Job 28:6 also consists of two grammatically independent assertions: the place (bed) of the sapphire is its rock. Must we refer לו to ספּיר, and translate: "and it contains fine dust of gold" (Hirz., Umbr., Stick., Nasse)? It is possible, for Theophrastus (p. 692, ed. Schneider) says of the sapphire it is ὥσπερ χρυσόπαστος, as it were covered with gold dust or grains of gold; and Pliny, h. n. xxxvii. 9, 38f.: Inest ei (cyano) aliquando et aureus pulvis qualis in sapphiris, in iis enim aurum punctis conlucet, which nevertheless does not hold good of the proper sapphire, but of the azure stone (lapis lazuli) which is confounded with it, a variegated species of which, with gold, or rather with iron pyrites glittering like gold, is specially valued.

(Note: Comp. Quenstedt, Handbuch der Mineralogie (1863), S. 355 and 302.)

But Schultens rightly observes: vix cerdiderim, illum auratilem pulvisculum sapphiri peculiari mentione dignum; and Schlottm.: such a collateral definition to ספיר, expressed in a special clause (not a relative one), has something awkward about it. On the other hand, עפרת זהב is a perfectly suitable appellation of gold ore. "The earth, which is in itself black," says Diodorus in the passage quoted before, "is interspersed with veins of marble, which is of such pre-eminent whiteness, that its brilliance surpasses everything that glitters, and from it the overseers of the mine prepare gold with a large number of workmen." And further on, of the heating of this gold ore he says: "the hardest auriferous earth they burn thoroughly in a large fire; thus they make it soft, so that it can be worked by the hand." עפרת זהב is a still more suitable expression for such auriferous earth and ore than for the nuggets of ἄπυρος χρυσός (i.e., unsmelted) of the size of a chestnut, which, according to Diodorus, ii. 50, are obtained in mines in Arabia (μεταλλεύεται). But it is inadmissible to refer לו to man, for the clause would then require to be translated: and gold ore is to him equals he has, while it is the rather intended to be said that the interior of the earth has gold ore. לו is therefore, with Hahn and Schlottm., to be referred to מקום: and this place of the sapphire, it contains gold. The poet might have written להּ but לו implies that where the sapphire is found, gold is also found. The following נתיב (with Dech), together with the following relative clause, is connected with אבניה, or even with מקום, which through Job 28:6 is become the chief subj.: the place of the sapphire and of the gold is the rock of the bowels of the earth, - a way, which, etc., i.e., such a place is the interior of the earth, accessible to no living being of the earth's surface except to man alone. The sight of the bird of prey, the עיט, ἀετός, and of the איּה, i.e., the hawk or kite, reaches from above far and wide beneath;

(Note: The איה - says the Talmud b. Chullin, 63b - is in Babylon, and seeth a carcase in the land of Israel.)
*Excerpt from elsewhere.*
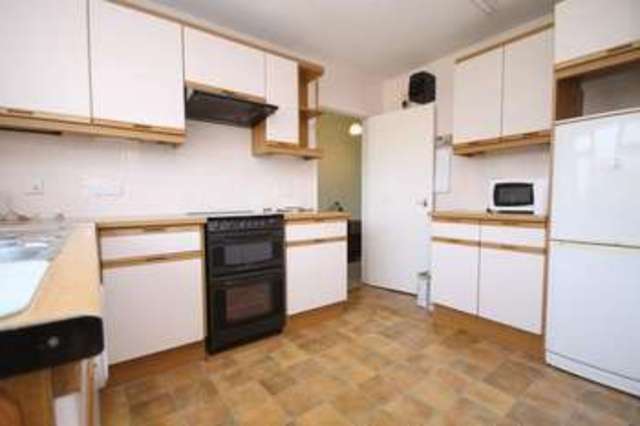  Image of 3 bedroom Detached house for sale in Guildford Road Bookham Leatherhead KT23 at Guildford Road  Great Bookham, KT23 4LA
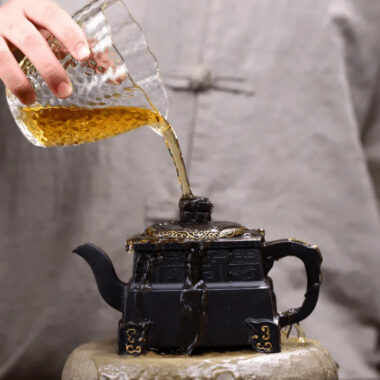 Full Handmade Yixing Zisha Teapot [Megatron] (Shi Huang – 380ml)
the sons of pride, שׁחץ (also Talmud. arrogance, ferocia, from שׁחץ equals Arab. šachaṣa, to raise one's self, not: fatness, as Meier, after Arab. šachuṣa, to be fat, thick), i.e., the beasts of prey, especially the lion, שׁחל (vid., on Job 4:10, from שׁחל, Arab. sḥl, to roar, Arab. of the ass, comp. the Lat. rudere used both of the lion and of the ass), seek the most secret retreat, and shun no danger; but the way by which man presses forward to the treasures of the earth is imperceptible and inaccessible to them.